A simultaneidade dos deuses com os
humanos foi uma das conquistas mais fáceis da época. Para tal bastou
comercializá-los e vendê-los nos três mercados celestiais existentes, o
do futuro para além da morte, o da caridade, e o da guerra. Surgiram
muitas religiões, cada uma delas parecida com os defeitos atribuídos às
religiões rivais, mas todas coincidiam em serem o que mais diziam não
ser: mercado de emoções. As religiões eram mercados e os mercados eram
religiões.
É estranho que uma época que começou como
só tendo futuro (todas as catástrofes e atrocidades anteriores eram a
prova da possibilidade de um novo futuro sem catástrofes nem
atrocidades) tenha terminado como só tendo passado.

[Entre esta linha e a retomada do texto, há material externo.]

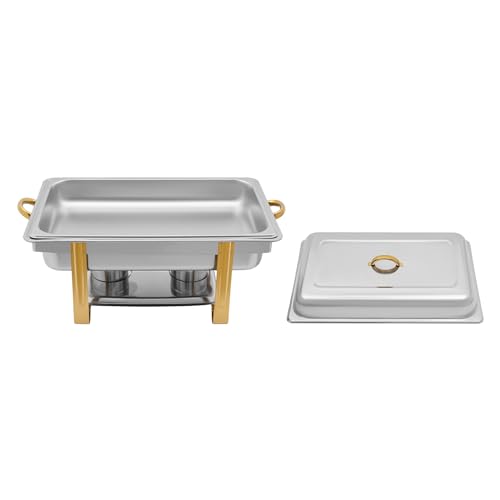 TFIANYNI Edelstahl Warmhaltebehälter Rechteckig Speisewärmer Mit Deckel 9L, Kraftstoffhalter Tray, Buffetwärmer Set, Abnehmbaren Und Stapelbaren, Einstellbare Wärme – Bild 6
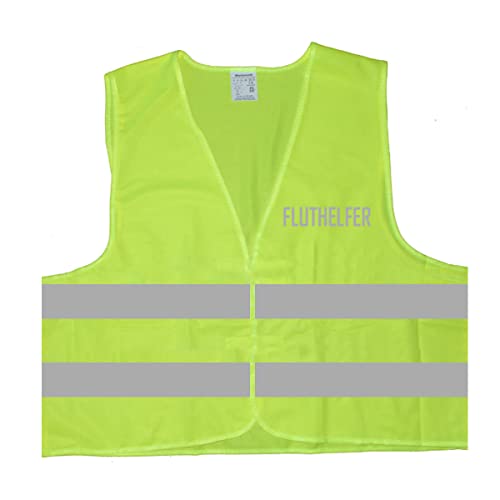 Preisvergleich Produktbild Warnweste - Signalweste - FLUTHELFER - Warnweste mit reflektierendem Aufdruck - Größe XXL / 3XL, gelb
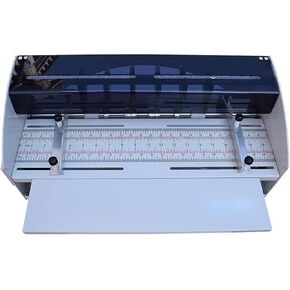 Electric Creasing Machine, 3-in-1 Electric Cards Invitations Tickets Paper Folding Machine Multi-Function 18 1/2"(460mm) Paper Creaser Scorer Perforator Cutter for Professional, Office, Home Use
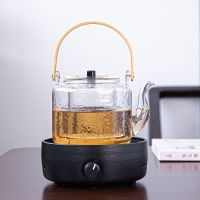 简约电陶炉茶炉煮茶器小型迷你铁壶烧水泡茶电热玻璃家用煮茶壶|千余(禅风黑)古月(蒸煮)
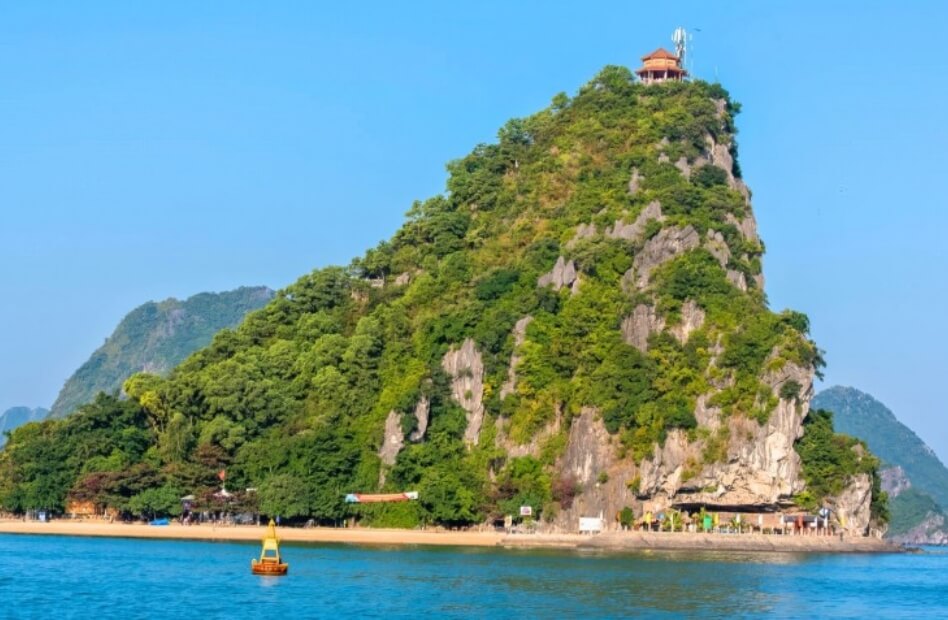 Ti Top Island with a viewpoint overlooking Ha Long Bay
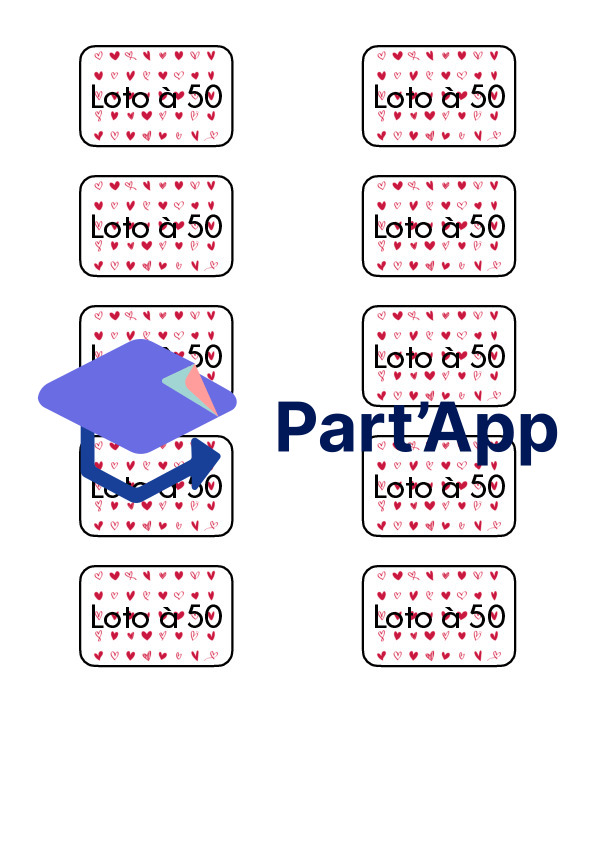 Les nombres jusqu'à 50 - Loto_10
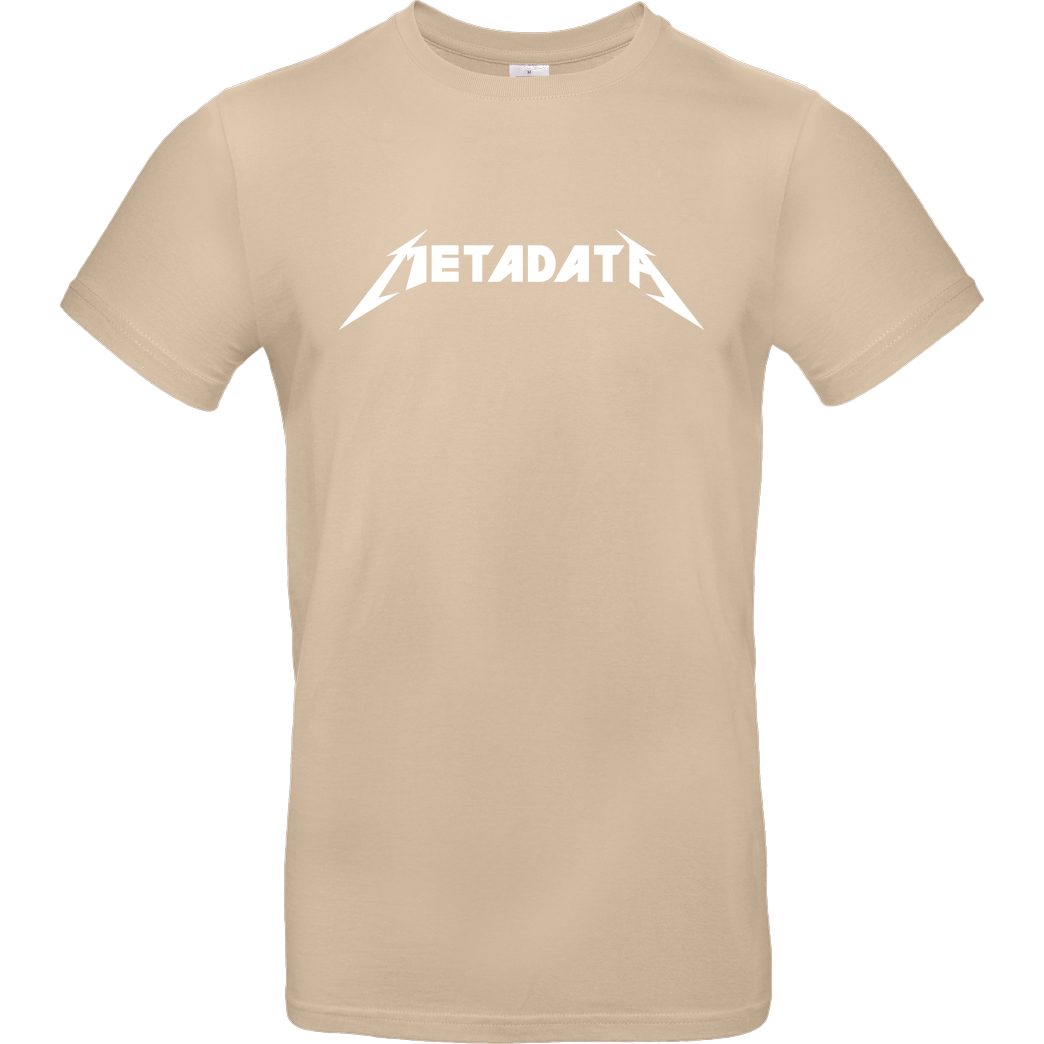 3dsupply Original Metadata T-Shirt B&C EXACT 190 - Sand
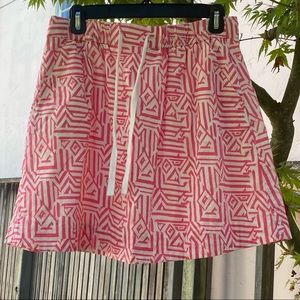 2/$15 bundle Pink & white J Crew drawstring skirt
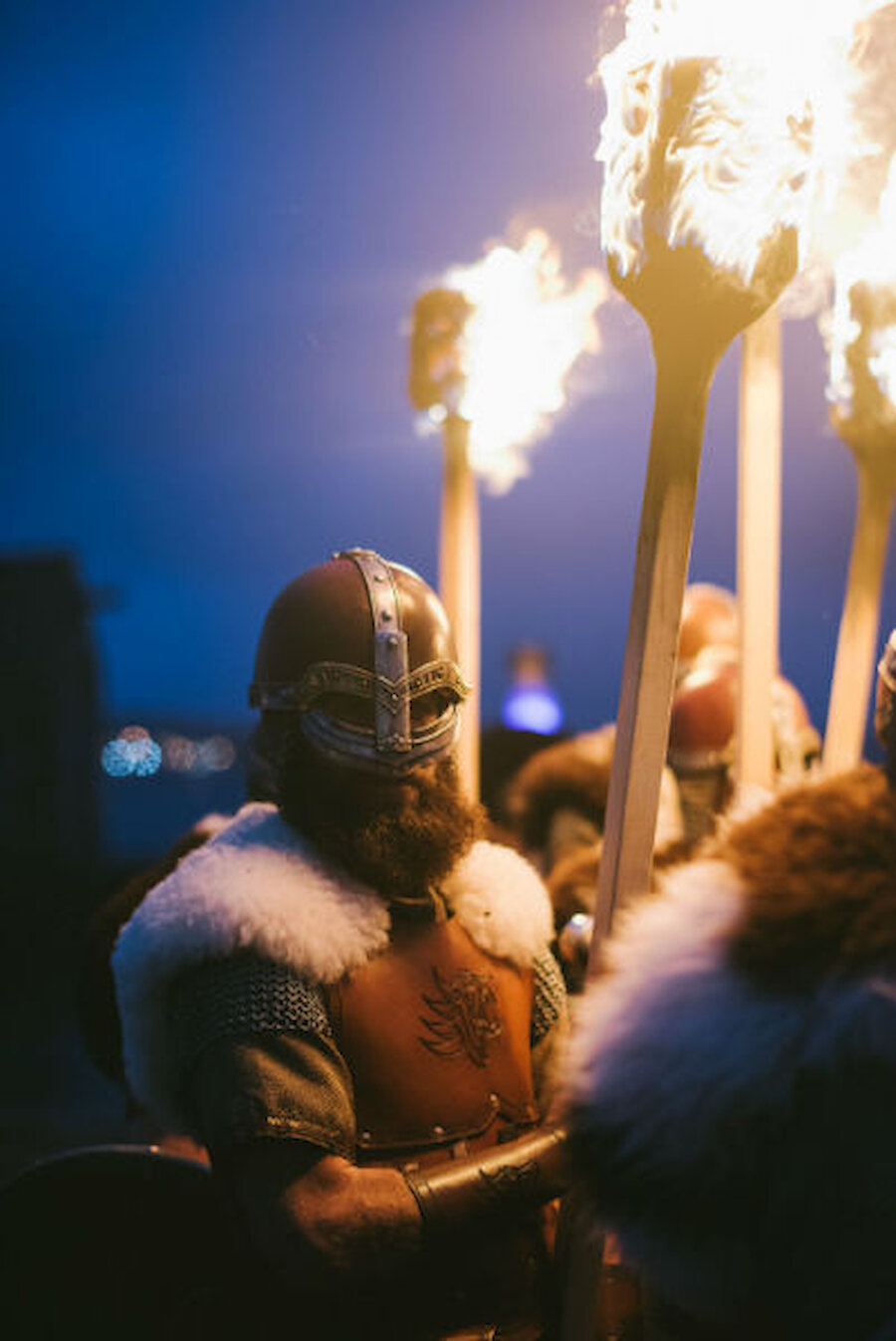 The costumes, featuring sheepskins, leather and chain mail, were very impressive (Courtesy Alex Mazurov)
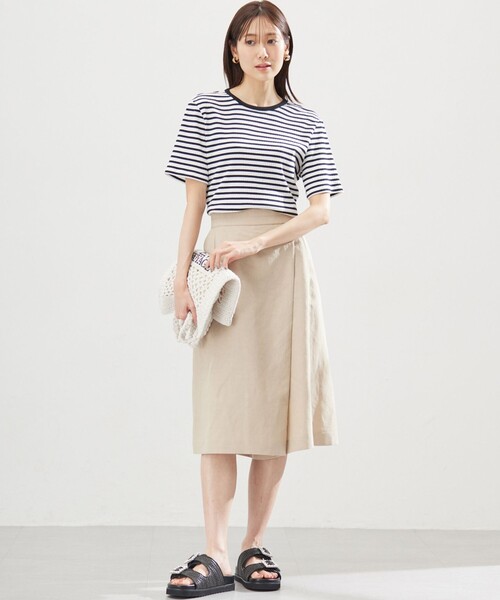 組曲 L（クミキョク オオキイサイズ）の「ラップパンツ（その他パンツ・レディース・ベージュ系・5/6）」の22枚目の写真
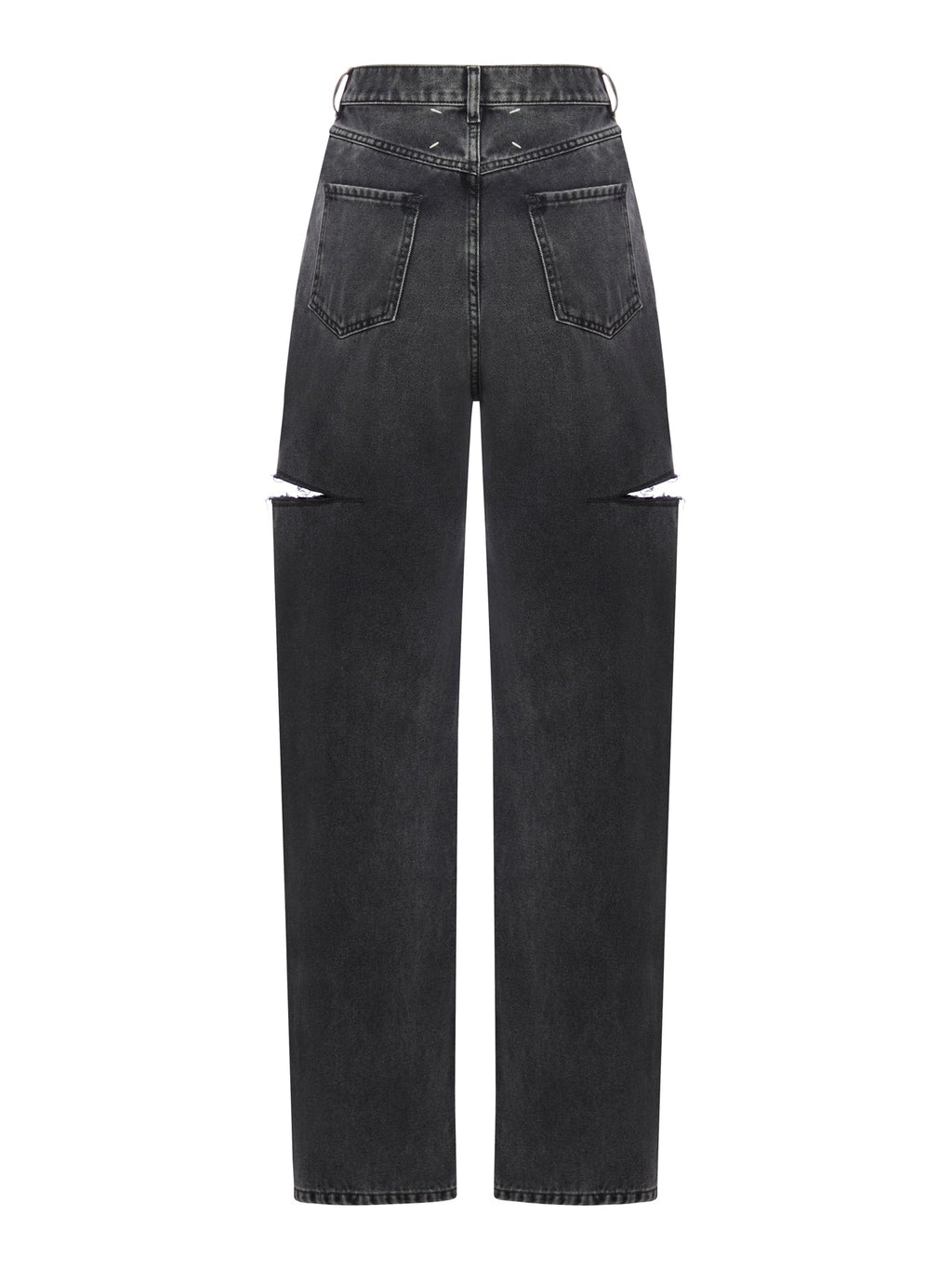 Оригінальна High-Waisted Side-Cut Jeans Maison margiela – вид ззаду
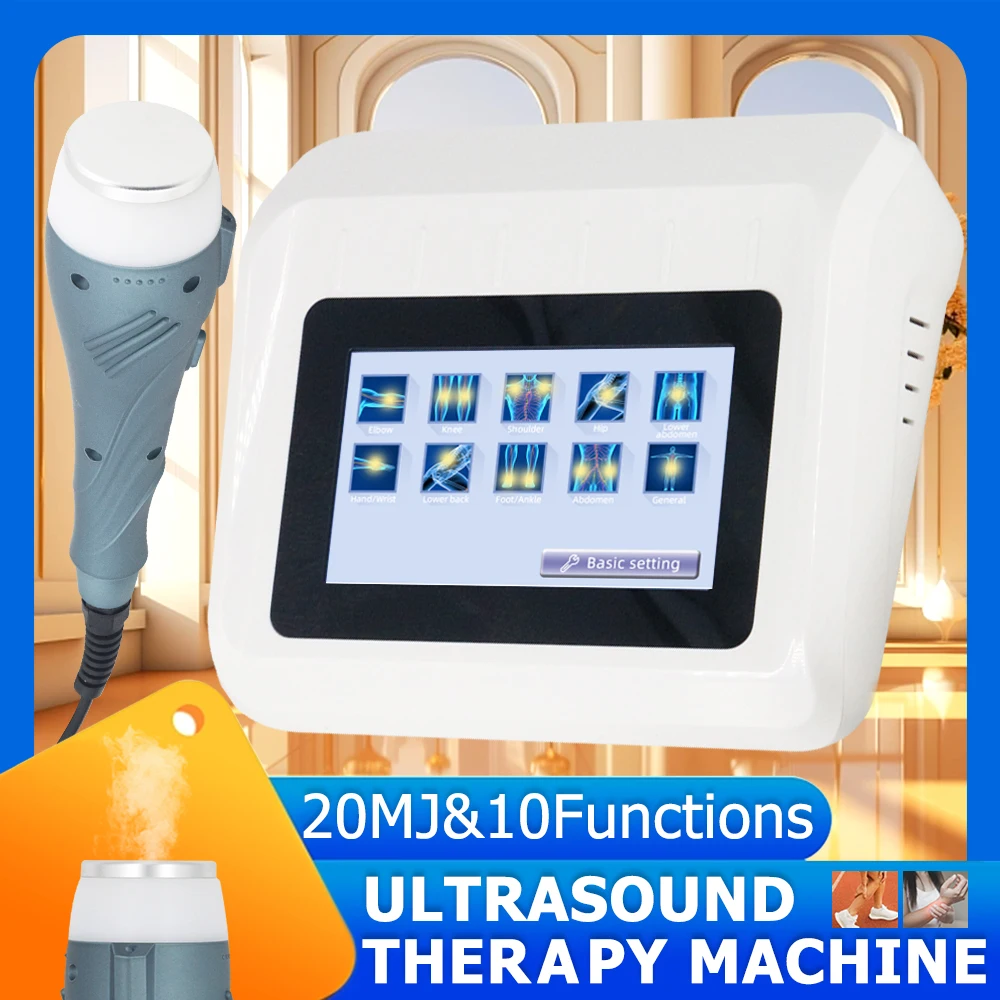 

20MJ Physiotherapy Therapeutic Ultrasound Machine Relieves Muscle Pain Massage Relax Health Care Ultrasonic Therapy Massager New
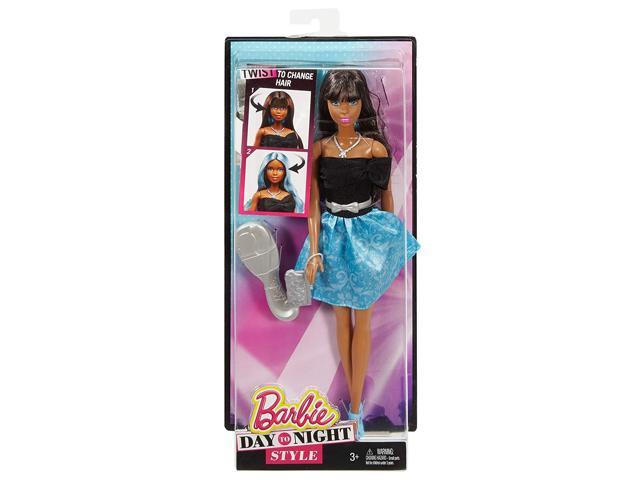 barbie day to night style twist hair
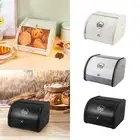 Roll Top Bread Bin Kitchen Counter Bread Box for Home Coffee Shop Cookies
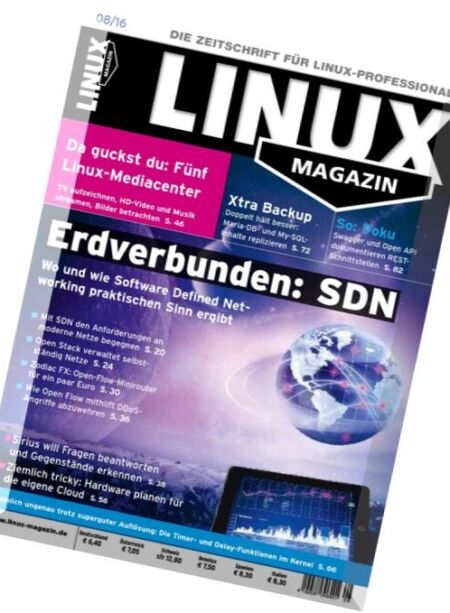 Linux – August 2016 Cover
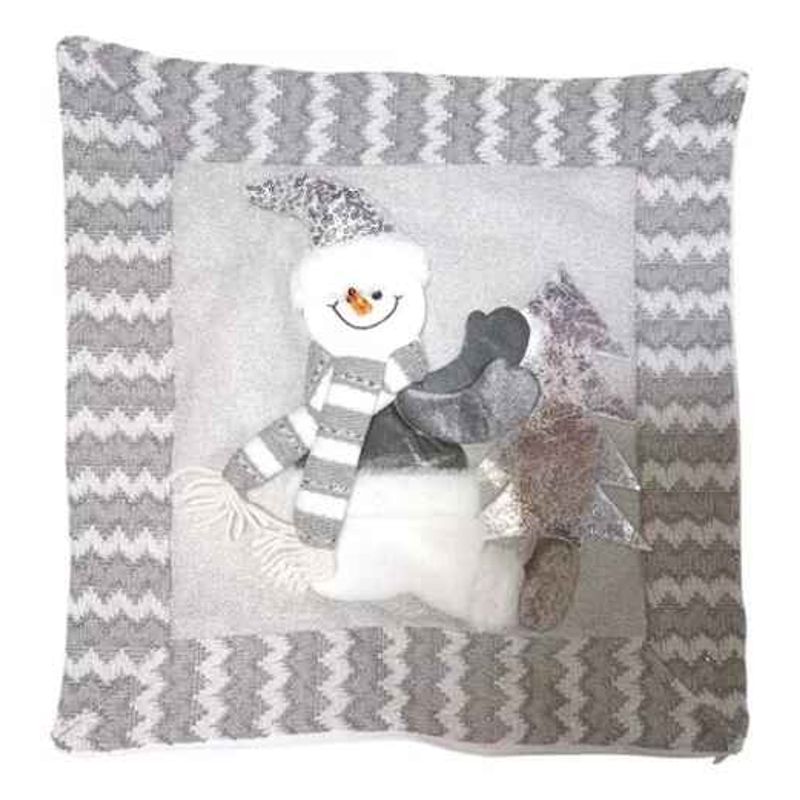 GENERICO - Funda Forro Para Cojín Navideños 37cm De Lujo Plateado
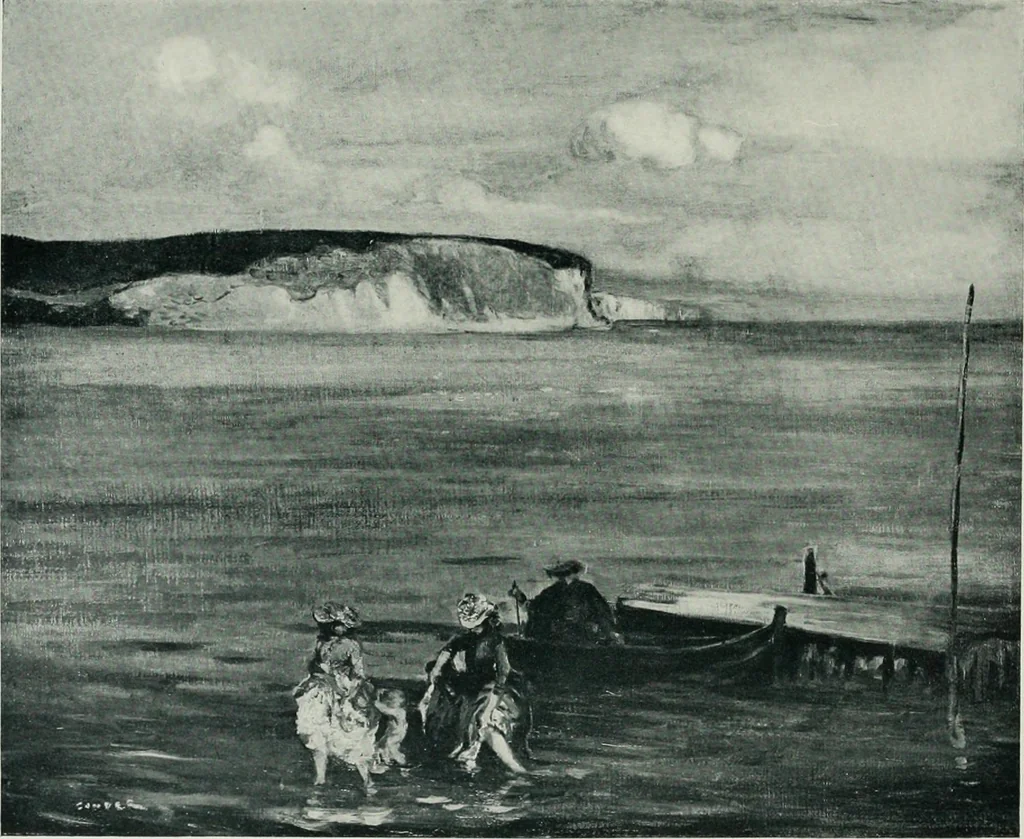 An illustration from Charles Conder; his life and work, 1914, leaf 188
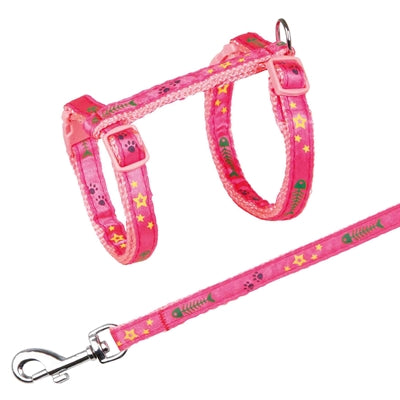 Product image of:TRIXIE KATTENTUIG MET RIEM VISGRAAT ASSORTI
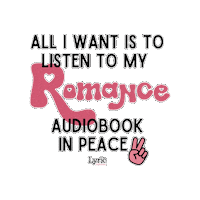 LyricAudiobooks audiobook narrator romance book lyric audiobooks Sticker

Quando começou a ser
excessivamente doloroso pensar o futuro, o único tempo disponível era
tempo passado. Como nunca nenhum grande acontecimento histórico foi
previsto, também esta época terminou de modo que colheu todos de
surpresa. Apesar de ser geralmente aceite que o bem comum não podia
deixar de assentar no luxuoso bem estar de poucos e no miserável
mal-estar das grandes maiorias, havia quem não estivesse de acordo com
tal normalidade e se rebelasse.
Os inconformados dividiam-se em três
estratégias: tentar melhorar o que havia, tentar romper com o que havia,
tentar não depender do que havia. Visto hoje, a tanta distância, era
óbvio que as três estratégias deviam ser utilizadas articuladamente, ao
modo da divisão de tarefas em qualquer trabalho complexo, uma espécie de
divisão do trabalho do inconformismo. Mas, na época, tal não foi
possível, porque os rebeldes não viam que, sendo produto da sociedade
contra a qual lutavam, teriam de começar por se rebelar contra si
próprios, transformando-se eles próprios antes de quererem transformar a
sociedade. A sua cegueira fazia-os dividir-se a respeito do que os
deveria unir e unir-se a respeito do que os devia dividir. Por isso,
aconteceu o que aconteceu. O quão terrível foi está bem inscrito no modo
como vamos tentando curar as feridas da carne e do espirito ao mesmo
tempo que reinventamos uma e outro. Porque teimamos, depois de tudo?
Porque estamos a reaprender a alimentar-nos da erva daninha que a época
passada mais radicalmente tentou erradicar, recorrendo para isso aos
mais potentes e destrutivos herbicidas mentais — a utopia.